AIM OF THE TASK: From the records below, output exactly the lines starting at the line with "19731 N BRIDGE Court photo 4" and ending at the line with "Метро Харькова сейчас.", both of them included, but no pictures.

TASK DATA:
══════
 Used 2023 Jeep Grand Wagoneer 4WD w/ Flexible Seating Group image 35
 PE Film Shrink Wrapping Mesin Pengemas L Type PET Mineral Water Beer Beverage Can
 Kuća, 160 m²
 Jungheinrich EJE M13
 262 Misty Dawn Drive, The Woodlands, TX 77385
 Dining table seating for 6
══════
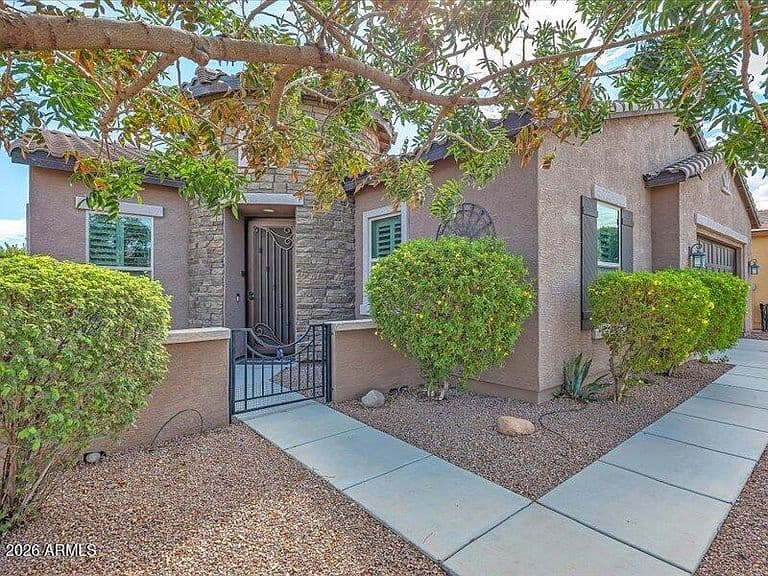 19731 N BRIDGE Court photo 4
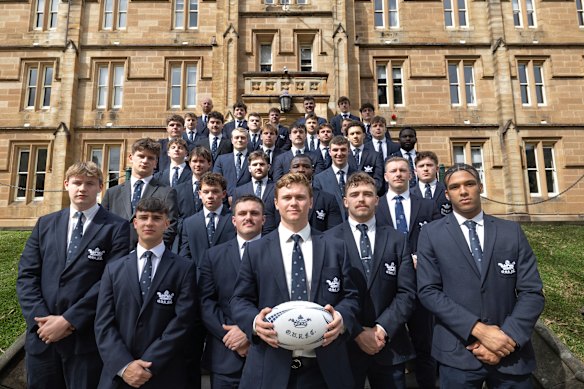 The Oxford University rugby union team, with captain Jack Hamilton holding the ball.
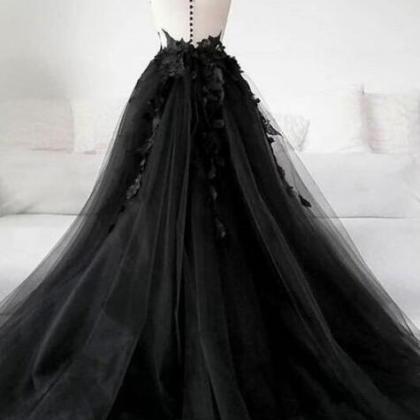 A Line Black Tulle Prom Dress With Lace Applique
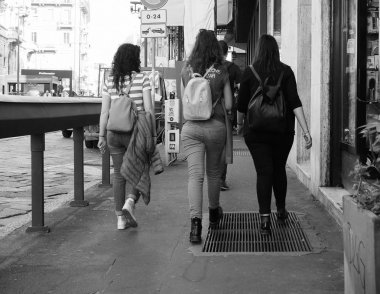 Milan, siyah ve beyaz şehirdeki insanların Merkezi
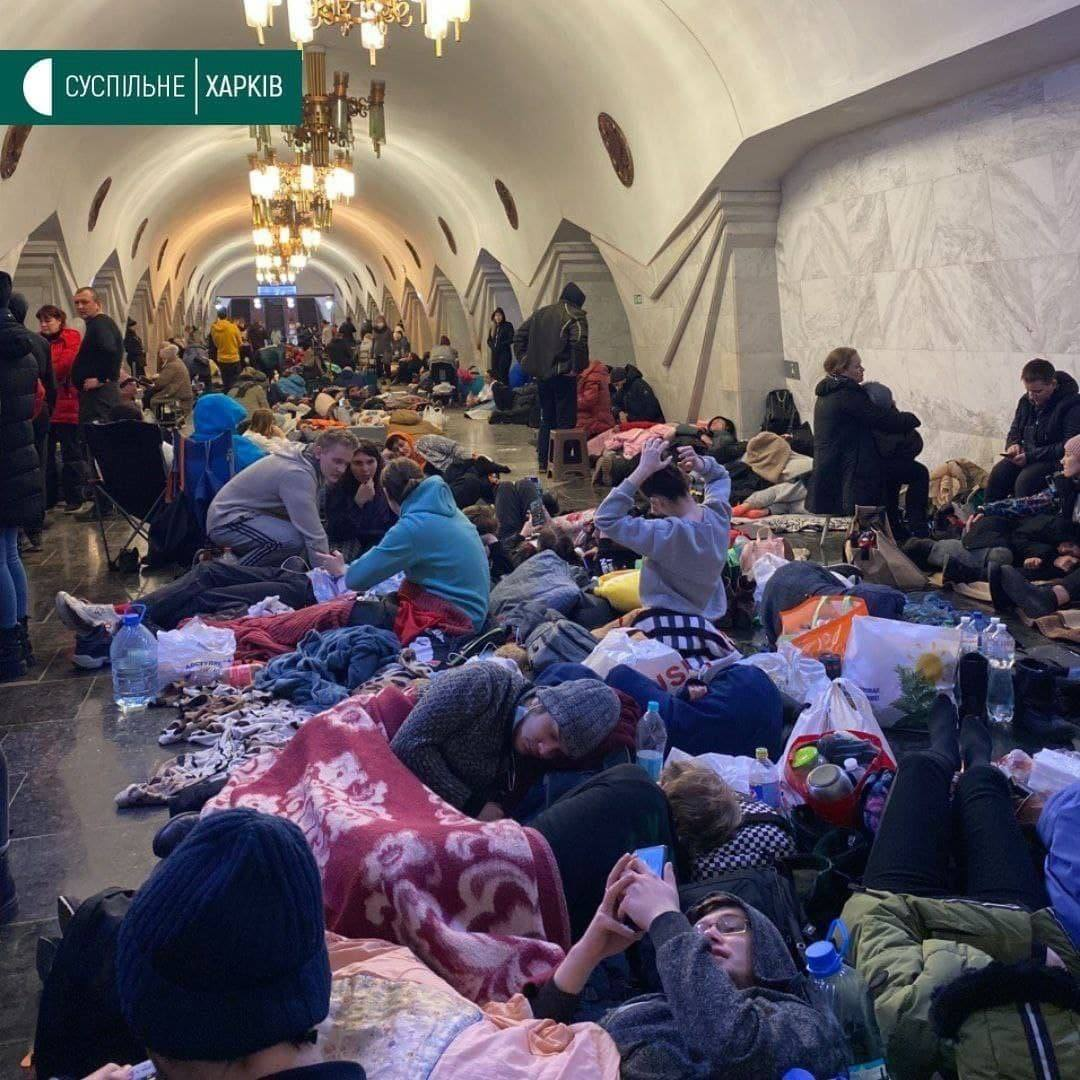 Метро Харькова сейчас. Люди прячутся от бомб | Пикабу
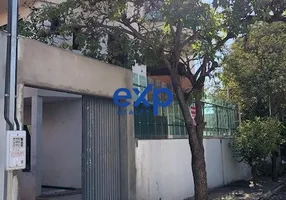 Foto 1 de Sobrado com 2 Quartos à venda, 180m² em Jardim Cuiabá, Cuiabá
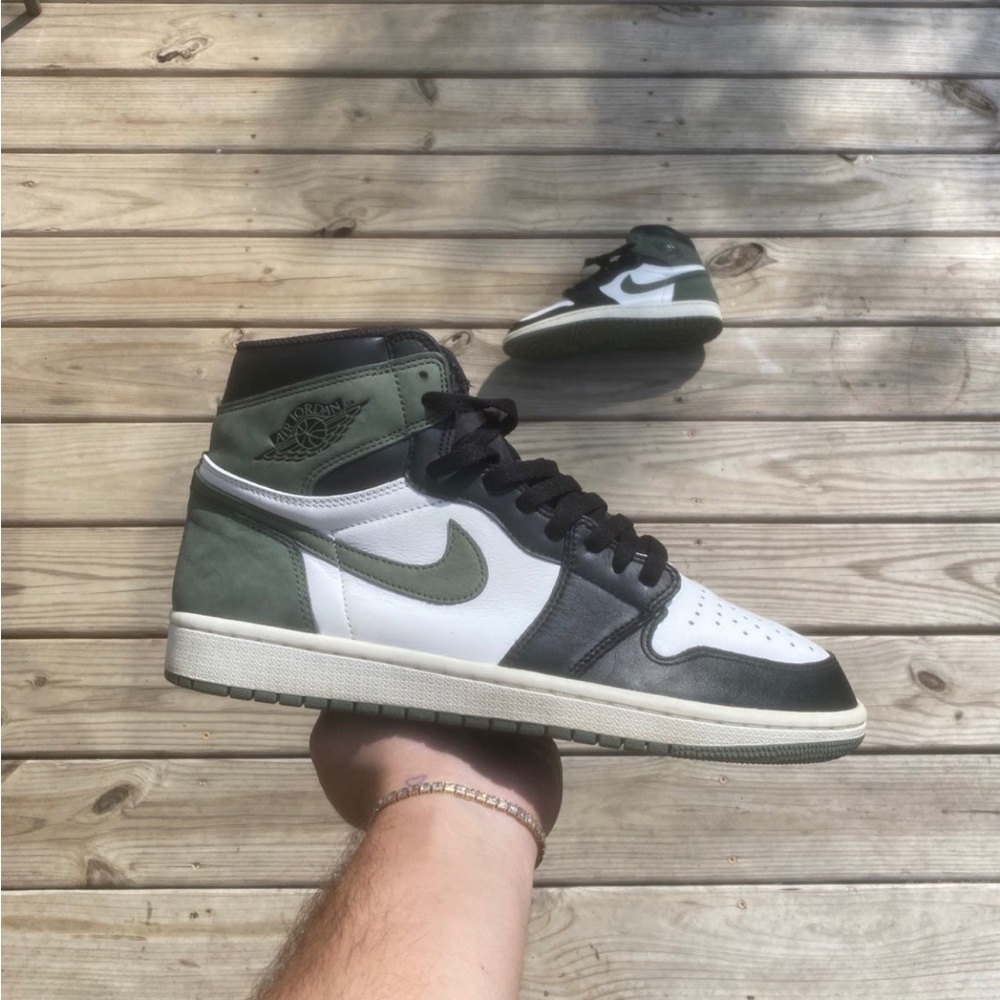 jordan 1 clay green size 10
══════
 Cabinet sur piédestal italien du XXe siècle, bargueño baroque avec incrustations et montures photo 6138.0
══════
RESPONSE:
 19731 N BRIDGE Court photo 4
 The Oxford University rugby union team, with captain Jack Hamilton holding the ball.
 A Line Black Tulle Prom Dress With Lace Applique
 Milan, siyah ve beyaz şehirdeki insanların Merkezi
 Метро Харькова сейчас. Люди прячутся от бомб | Пикабу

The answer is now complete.